When I left school I started an apprenticeship. I went from being a school kid with pocket money to earning a salary in 1 week. I was blown away with all this surplus cash. I decided to pay Mum board as my older brother did this too but even after that there was plenty left over. I kept saving and saving, it was easy. Remember I went from nothing to a small salary. I still got drunk like other teenagers and on the weekends I went surfing but I still managed to save. Then I got offers of overtime so I took it. Now the money was building up even faster. I bought a good car and kept on saving. My mates didn't want the o/t, I did. The difference between me and them started there. I was prepared to do o/t for extra money and they were not. Then I failed my 3rd year at TAFE. I had to drop Friday nights out for study otherwise I would not get my license. 

Eventually I passed and the o/t was gathering more momentum. The savings were building up. Now I was still a party animal but was a saver and worker in the mean time. I wanted to move away from my parents and the only way I was going to get away with that was to buy a house. I put my 10% down and borrowed the rest and bought my first house at 18 yo.

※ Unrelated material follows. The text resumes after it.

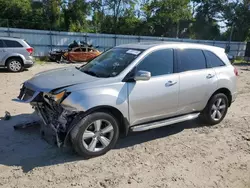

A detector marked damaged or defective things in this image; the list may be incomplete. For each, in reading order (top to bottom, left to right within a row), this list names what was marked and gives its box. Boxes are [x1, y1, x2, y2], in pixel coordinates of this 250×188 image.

front bumper damage [14, 83, 78, 147]
damaged front end [15, 84, 78, 148]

This was just great. Got a mate to share with me so he helped out with some costs. By this time I was a fully fledged traddie working for a factory making good money with plenty of o/t.

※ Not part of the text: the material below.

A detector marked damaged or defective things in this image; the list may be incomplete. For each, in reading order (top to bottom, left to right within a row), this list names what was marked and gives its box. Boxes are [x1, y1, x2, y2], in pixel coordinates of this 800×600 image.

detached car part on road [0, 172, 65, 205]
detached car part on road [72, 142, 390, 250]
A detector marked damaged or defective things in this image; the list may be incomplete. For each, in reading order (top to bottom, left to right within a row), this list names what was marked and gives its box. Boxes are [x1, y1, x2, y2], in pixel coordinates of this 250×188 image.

I think the biggest influences in my live was the local Italian community where I lived and what I learnt myself thereafter. As a kid I lived in a very hard working Immigrant suburb, mostly Italians. I always noted they were a bit different. Their kids always had better bikes, their birthday partys were a bit better and they had this knack of having nice houses and growing and doing everything for themselves. I could see they worked hard but the older ones were living very well in retirement. They mostly invested in real estate and I knew from a very young age that real estate was the way to beat the system. In my opinion it still is if you are careful of where you buy and what you buy. You never see a broke person who owns rental properties and lives off the rent. This was me I thought and I wanted this.

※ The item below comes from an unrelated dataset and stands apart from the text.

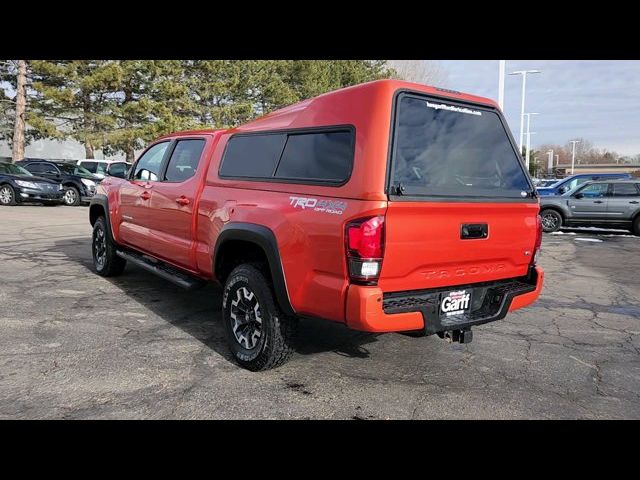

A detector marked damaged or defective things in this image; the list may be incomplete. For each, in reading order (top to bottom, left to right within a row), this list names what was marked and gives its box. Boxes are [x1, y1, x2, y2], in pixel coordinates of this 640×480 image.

cracked pavement [0, 204, 636, 418]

Later in my working life I was working 2 jobs, my missus was working too and I owned 3 properties and 2 Mortgages. The plan always was to live in one owned outright and rent one out for income. This was achieved in the end, all went according to plan.

During the mortgage stage and working stage I started studying about shares. I needed another edge as one rental property would not be enough. I bought some very basic books like Money and More Money (I think). I also bought a course called "Successful Personal Investing". It was about 25 lessons I think and cost $400. I fully understood the concept of buying and owning shares after doing that course. I bought more and more shares with the intent of getting a dividend stream. I am not a trader and don't care for it, I am only interested in buying good companies that pay good dividends.

The key has always been hard work, good investments, only listen to those who achieved anything (financially that is) and enjoy. There are no get rich quick schemes I'm afraid. The best saying I've read is "getting rich slowly". Also in life you got to know when to quit, no use being a decrepit broken down old man with millions in the bank. KNOW WHEN TO QUIT, I really mean that part.

So that's me in a nutshell. Not bad for a bloke who didn't even make it to University. Cheers.


----------



## RamonR (7 February 2011)

Those studies performed years ago were young children were asked to avoid touching or eating marshmallows and they would receive more. Most of the children could,'t.

Highlight that being able to delay gratification is a big factor in financial competence.
Those children who could avoid the immediate temptation for the greater future reward were shown to have done better in life subsequently.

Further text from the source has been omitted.